EXERCISE PROMPT ▸
All lines from the one bearing "Picture of MAXON MAX 100 CREAM 50 ML" through the end of the data below must be printed exactly as they stand, with pictures removed.

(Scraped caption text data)

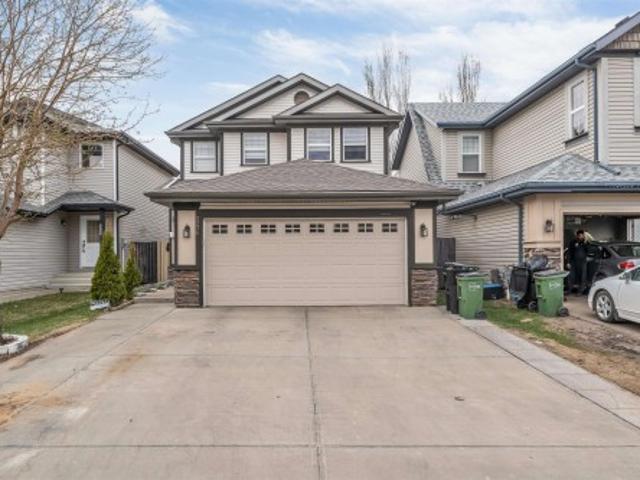 3236 26 Avenue, Edmonton, AB, T6T 0C6 house for sale | Listing ID E4486 | Royal LePage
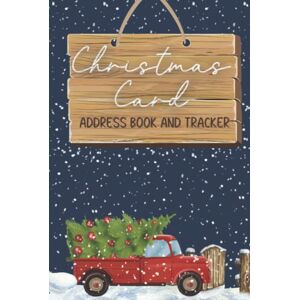Momming with Me Press Christmas Card Address Book: 10 Year Record Holiday Card List Organizer Sent and Received Momming with Me Press Christmas Card Address Book: 10 Year Record Holiday Card List Organizer Sent and Received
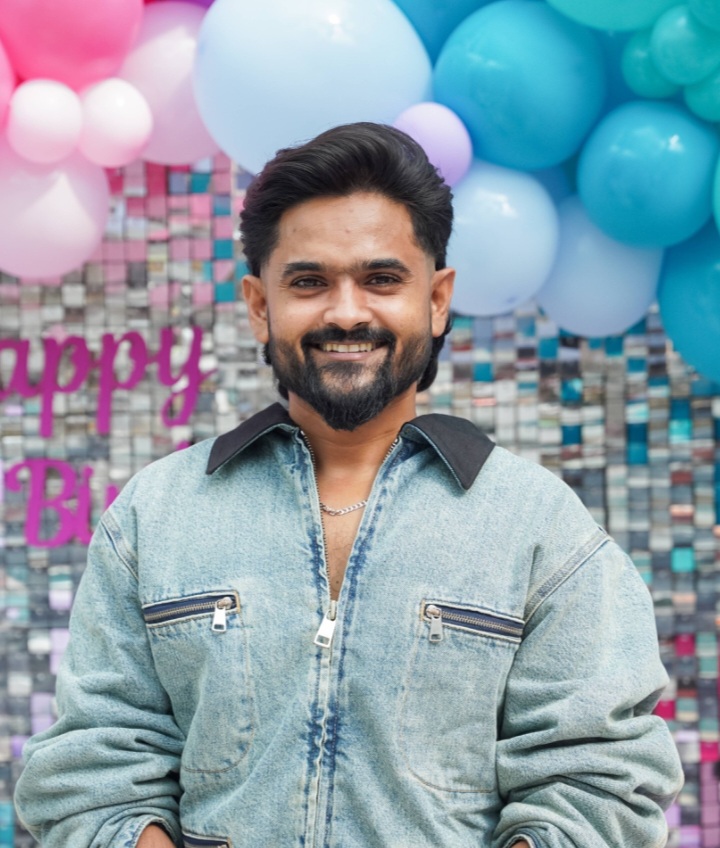 Priyank Damji Gala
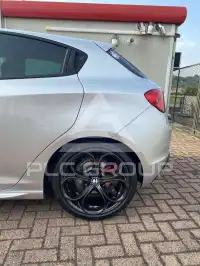 2021 Alfa Romeo Giulia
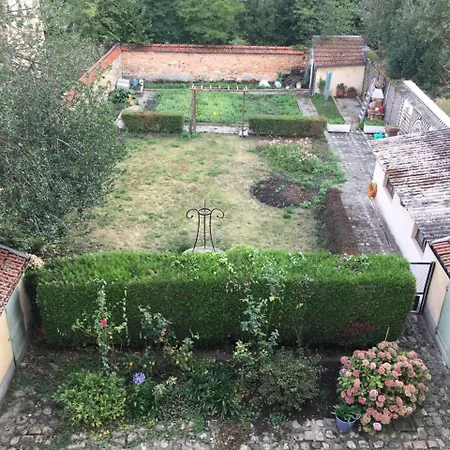 L’alcôve Royale Apartamento *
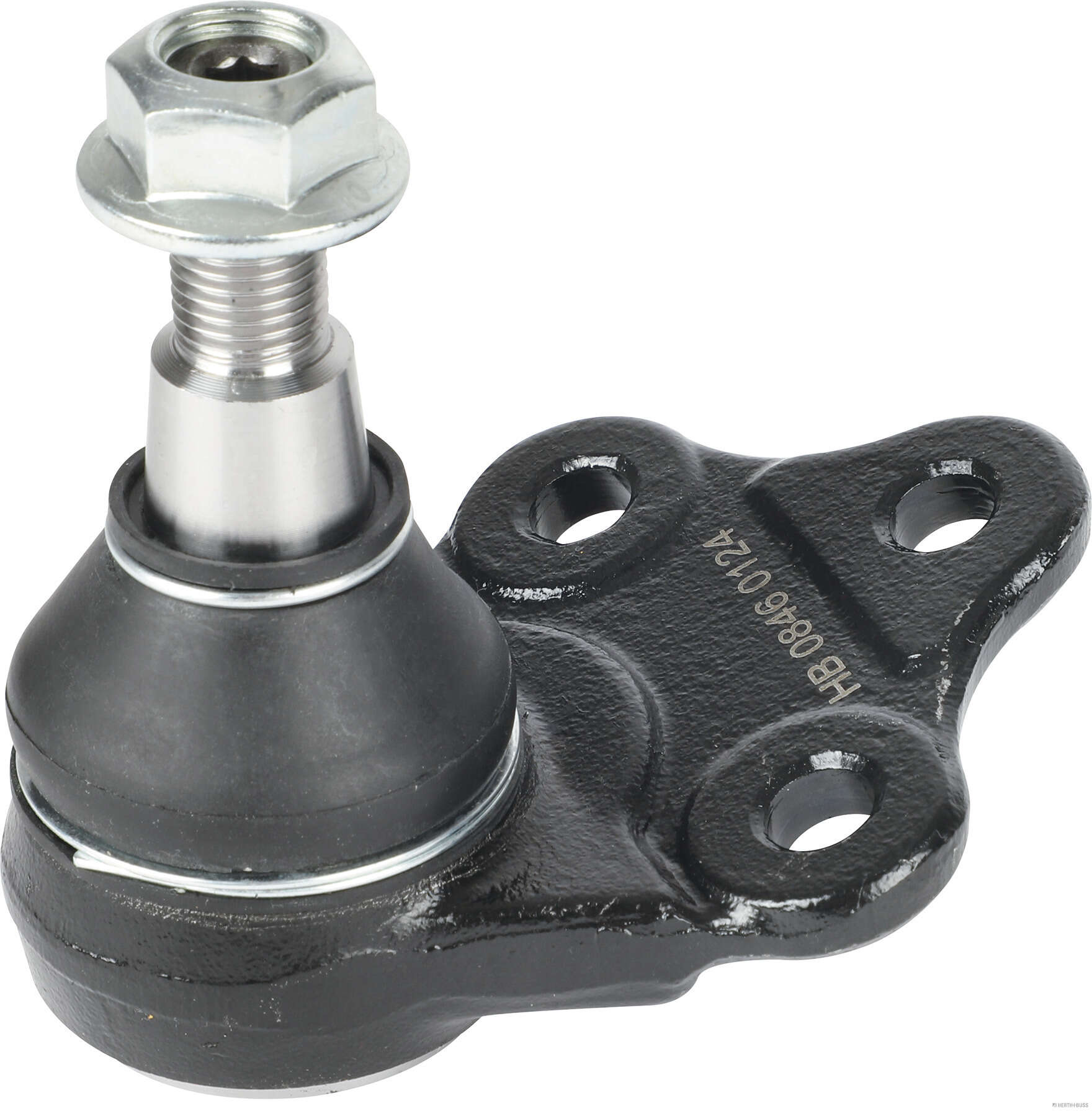 Fuseekogel Herth+Buss Jakoparts J4860846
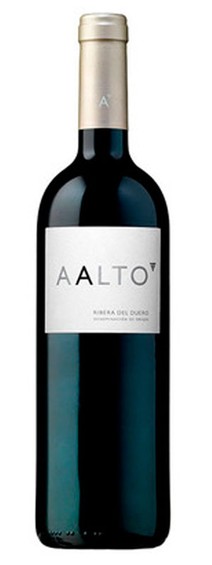 AALTO 2007 5 litros AALTO 2007 5 litros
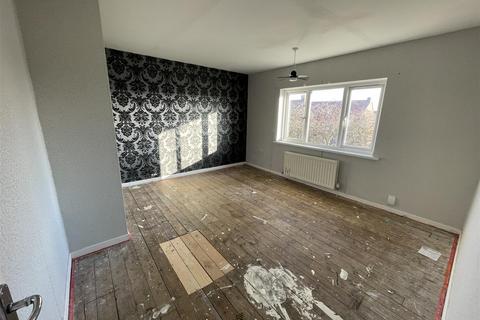 undefined, Cleveland Terrace, Stanley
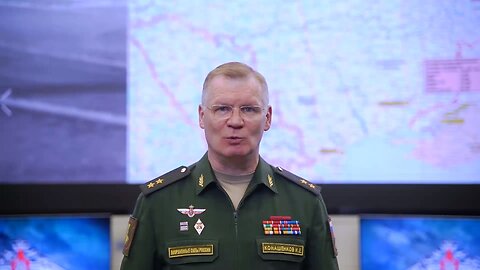 Morning briefing of the Ministry of Defense of Russia (27 January - 3 February 2024) - ENG SUBS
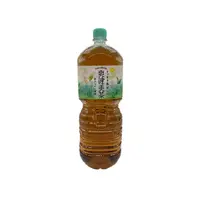 在飛比找蝦皮商城優惠-可口可樂 爽健美茶 2000ml【Donki日本唐吉訶德】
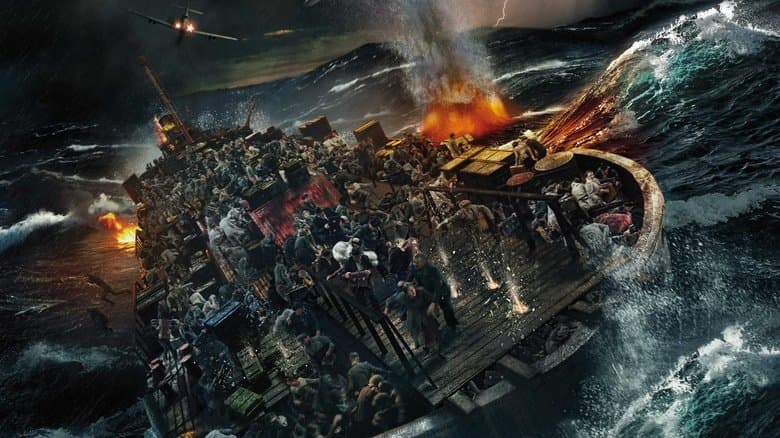 Спасти Ленинград電影劇照1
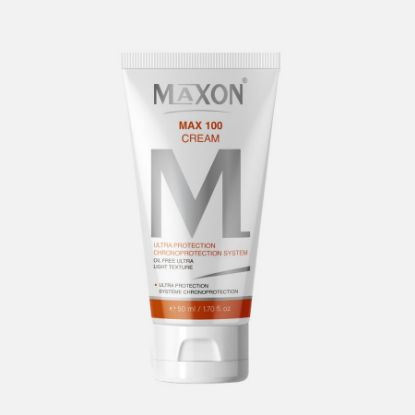 Picture of MAXON MAX 100 CREAM 50 ML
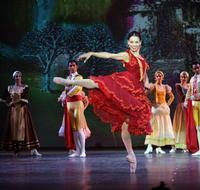 Ballet Nacional de Cuba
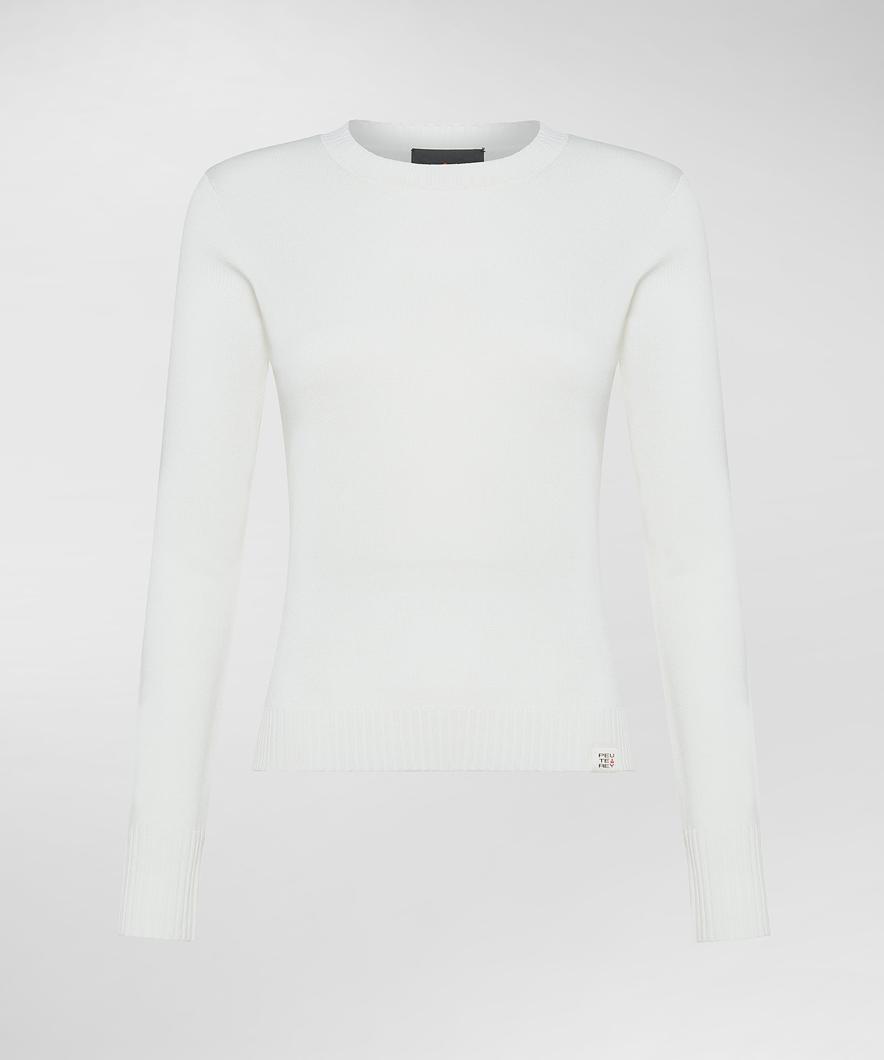 SWEATER - PAPIRO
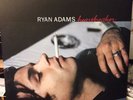 Ryan Adams Heartbreaker LP 2008 COBRASIDE pressing GOLD seal #erd Never Played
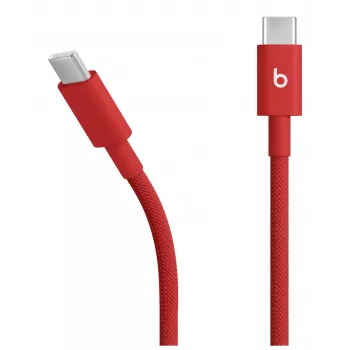 Apple USB-C pynė laidas - Rapid Red - Laidas - Skaitmeninis/duomenų (MDGF4ZM/A)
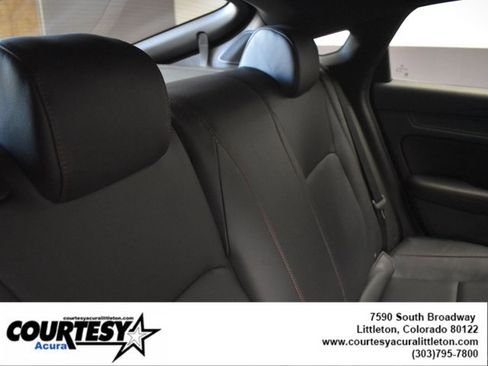 Certified 2024 Acura Integra Type S image 24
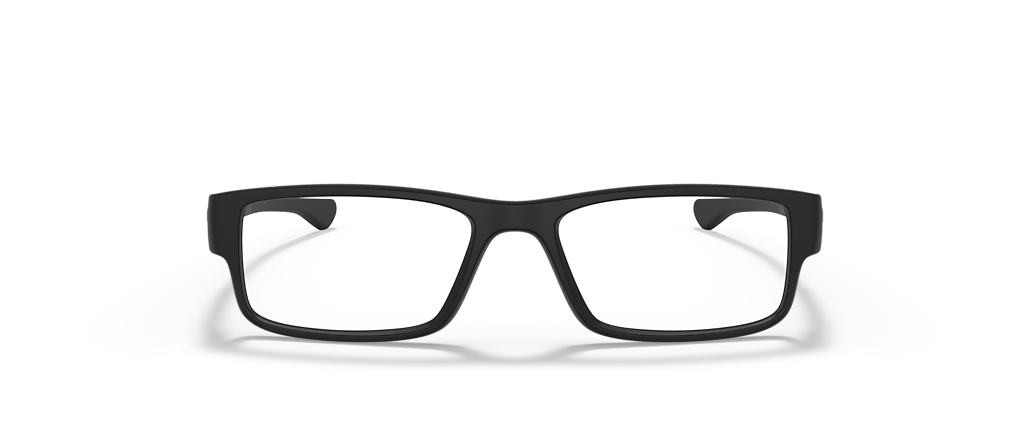 Oakley OX8046 Airdrop™ Satin Black Frames
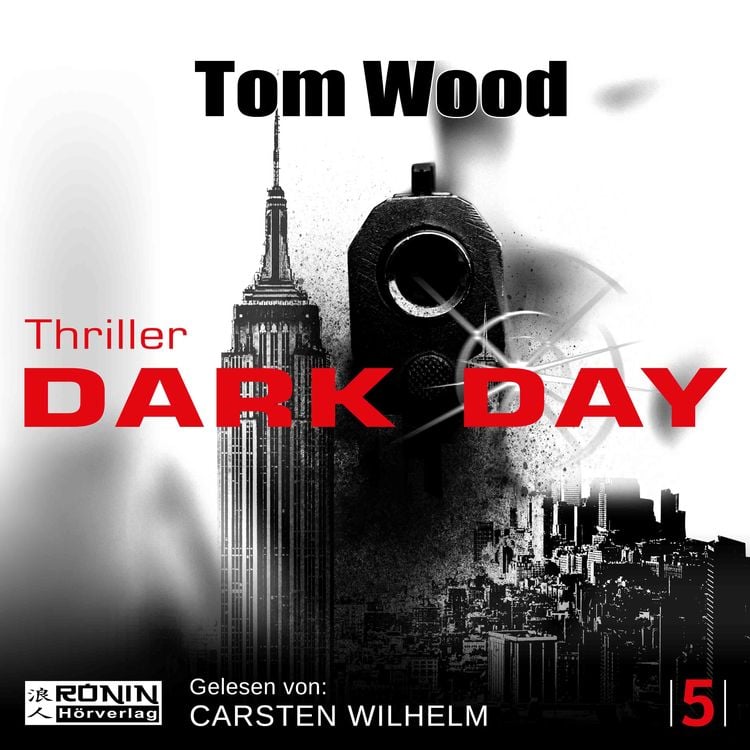 Produktbild: Dark Day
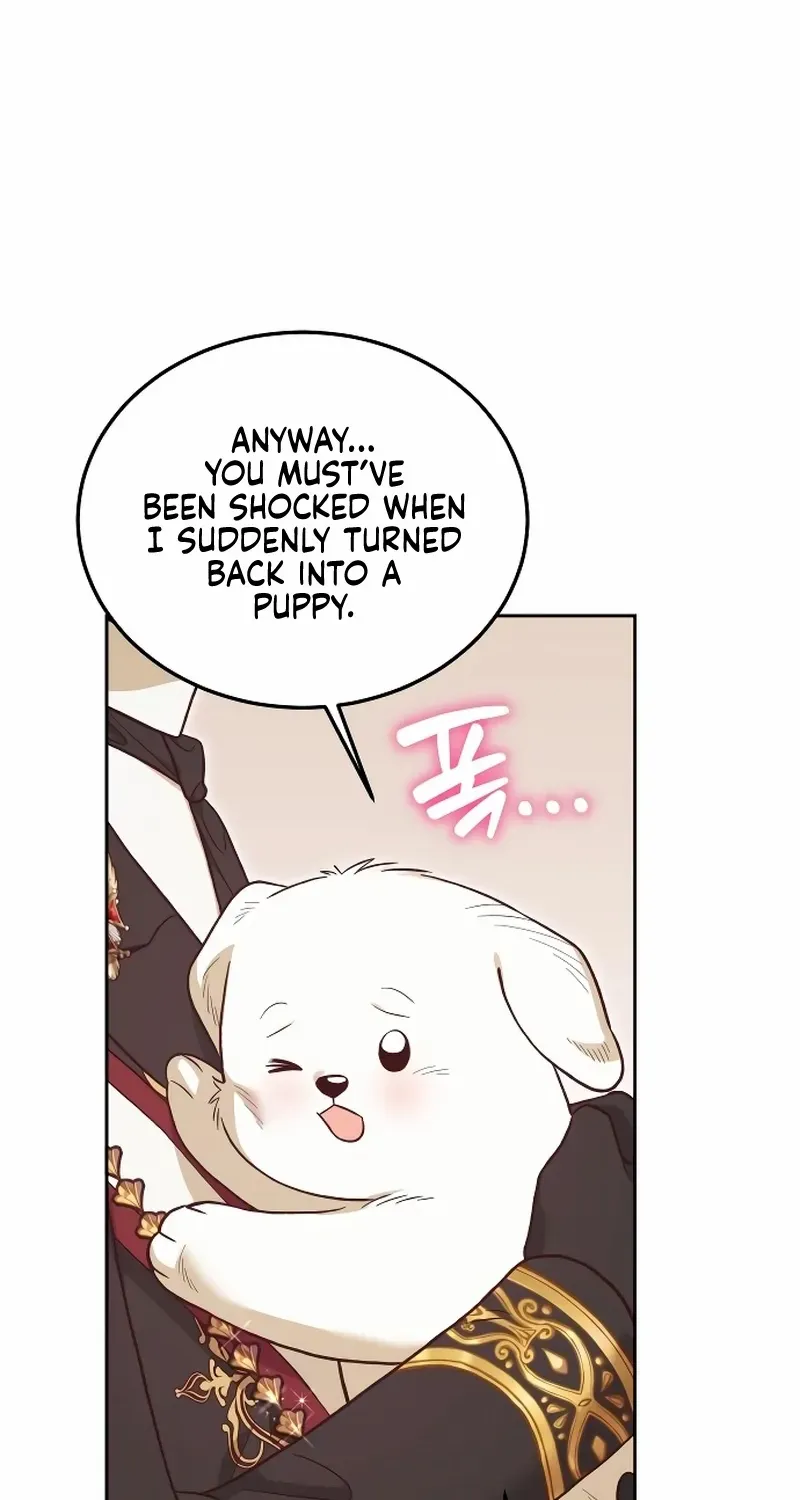 Read The Emperor’s Dog chapter 40 image 77 on Lezhin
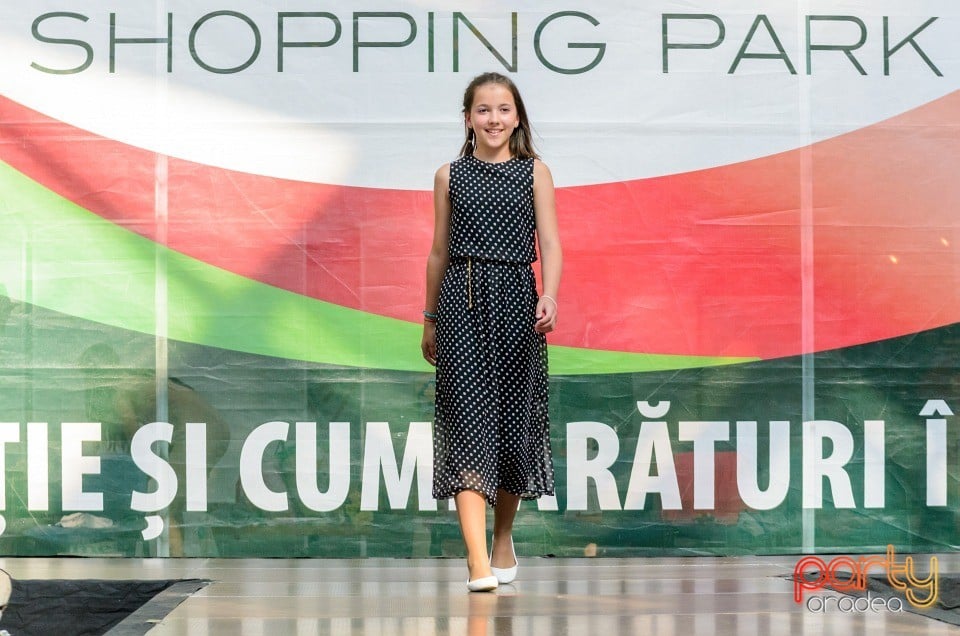 Festivalul Copiilor, Era Shopping Park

SOLUTION ▸
 Picture of MAXON MAX 100 CREAM 50 ML
 Ballet Nacional de Cuba
 SWEATER - PAPIRO
 Ryan Adams Heartbreaker LP 2008 COBRASIDE pressing GOLD seal #erd Never Played
 Apple USB-C pynė laidas - Rapid Red - Laidas - Skaitmeninis/duomenų (MDGF4ZM/A)
 Certified 2024 Acura Integra Type S image 24
 Oakley OX8046 Airdrop™ Satin Black Frames
 Produktbild: Dark Day
 Read The Emperor’s Dog chapter 40 image 77 on Lezhin
 Festivalul Copiilor, Era Shopping Park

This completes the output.